Today is the last day of ECCV 2010, so the best papers are already announced. Although I was not there, a lot of papers are available via cvpapers, so I eventually run into some of them.
Best papers
The full list of the conference awards is available here. The best paper is therefore "Graph Cut based Inference with Co-occurrence Statistics" by Lubor Ladicky, Chris Russell, Pushmeet Kohli, and Philip Torr. The second best is "Blocks World Revisited: Image Understanding Using Qualitative Geometry and Mechanics" by Abhinav Gupta, Alyosha Efros, and Martial Hebert. Two thoughts before starting reviewing them. First, the papers come from the two institutions which are (arguably) considered now the leading ones in the vision community: Microsoft Research and Carnegie-Mellon Robotics Institute. Second, both papers are about semantic segmentation (although the latter couples it with implicit geometry reconstruction); Vidit Jain already noted the acceptance bias in favour of the recognition papers.
Okay, the papers now. Ladicky et al. addressed the problem of global terms in the energy minimization for semantic segmentation. Specifically, their global term deals only with occurrences of object classes and invariant to how many connected components (i.e. objects) or individual pixels represent the class. Therefore, one cow on an image gives the same contribution to the global term as two cows, as well as one accidental pixel of a cow. The global term penalizes big quantity of different categories in the single image (the MDL prior), which is helpful when we are given a large set of possible class labels, and also penalizes the co-occurrence of the classes that are unlikely to come along with each other, like cows and sheep. Statistics is collected from the train set and defines if the co-occurrence of the certain pair of classes should be encouraged or penalized. Although the idea of incorporating co-occurrence to the energy function is not new [Torralba et al, 2003; Rabinovich et al., 2007], the authors claim that their method is the first one which simultaneously satisfy the four conditions: global energy minimization (implicit global term rather than a multi-stage heuristic process), invariance to the structure of classes (see above), efficiency (not to make the model order of magnitude larger) and parsimony (MDL prior, see above).

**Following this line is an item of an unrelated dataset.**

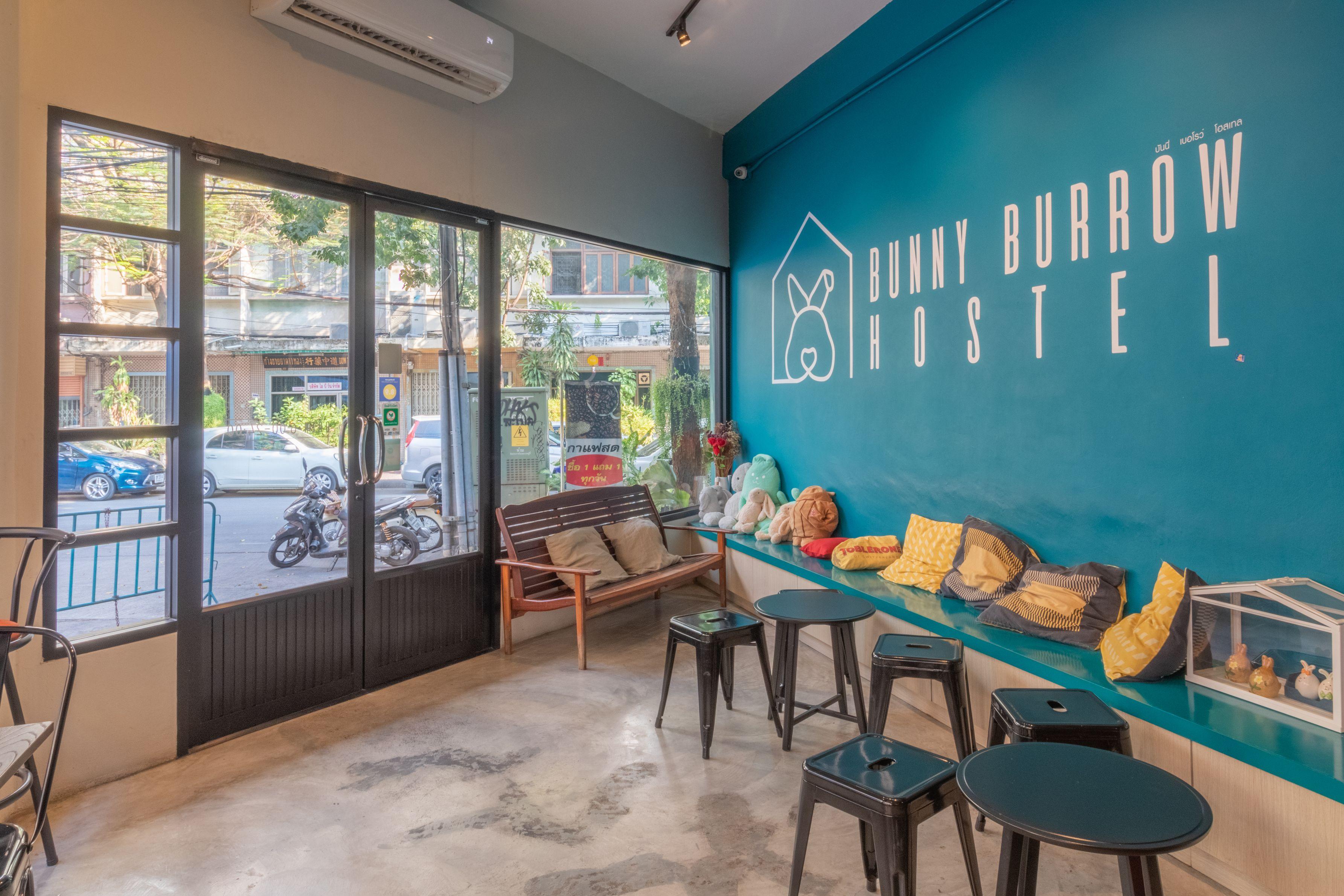 Bunny Burrow Hostel Bangkok Exterior photo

How do the authors minimize the energy? They restrict the global term to the function of the set of classes represented in the image, which is monotonic w.r.t. argument set enclosing (more classes, more penalty). Then the authors introduce some fake nodes for αβ-swap or α-expansion procedure, so that the optimized energy remains submodular. It is really similar to how they applied graph-cut based techniques for minimizing energy with higher-order cliques [Kohli, Ladicky and Torr, 2009]. So when you face some non-local terms in the energy, you can try something similar.
What are the shortcomings of the method? It would be great to penalize objects in addition to classes. First, local interactions are taken into account, as well as global ones. But what about the medium level? Shape of an object, size, colour consistency etc. are the great cues. Second, on the global level only inter-class co-occurrences play a role, but what about the intra-class ones? It is impossible to have two suns in a photo, but it is likely to meet several pedestrians walking along the street. It is actually done by Desai et al. [2009] for object detection.
The second paper is by Gupta et al., who have remembered the romantic period of computer vision, when the scenes composed of perfect geometrical shapes were reconstructed successfully. They address the problem of 3D reconstruction by a single image, like in auto pop-up [Hoiem, Efros and Hebert, 2005]. They compare the result of auto pop-up with Potemkin villages: "there is nothing behind the pretty façade." (I believe this comparison is the contribution of the second author). Instead of surfaces, they fit boxes into the image, which allows them to put a wider range of constraints to the 3D structure, including:
- static equilibrium: it seems that the only property they check here is that centroid is projected into the figure bearing;
- enough support force: they estimate density (light -- vegetation, medium -- human, heavy -- buildings) and say that it is unlikely that building is build on the tree;
- volume constraint: boxes cannot intersect;
- depth ordering: backprojecting the result to the image plane should correspond to what we see on the image.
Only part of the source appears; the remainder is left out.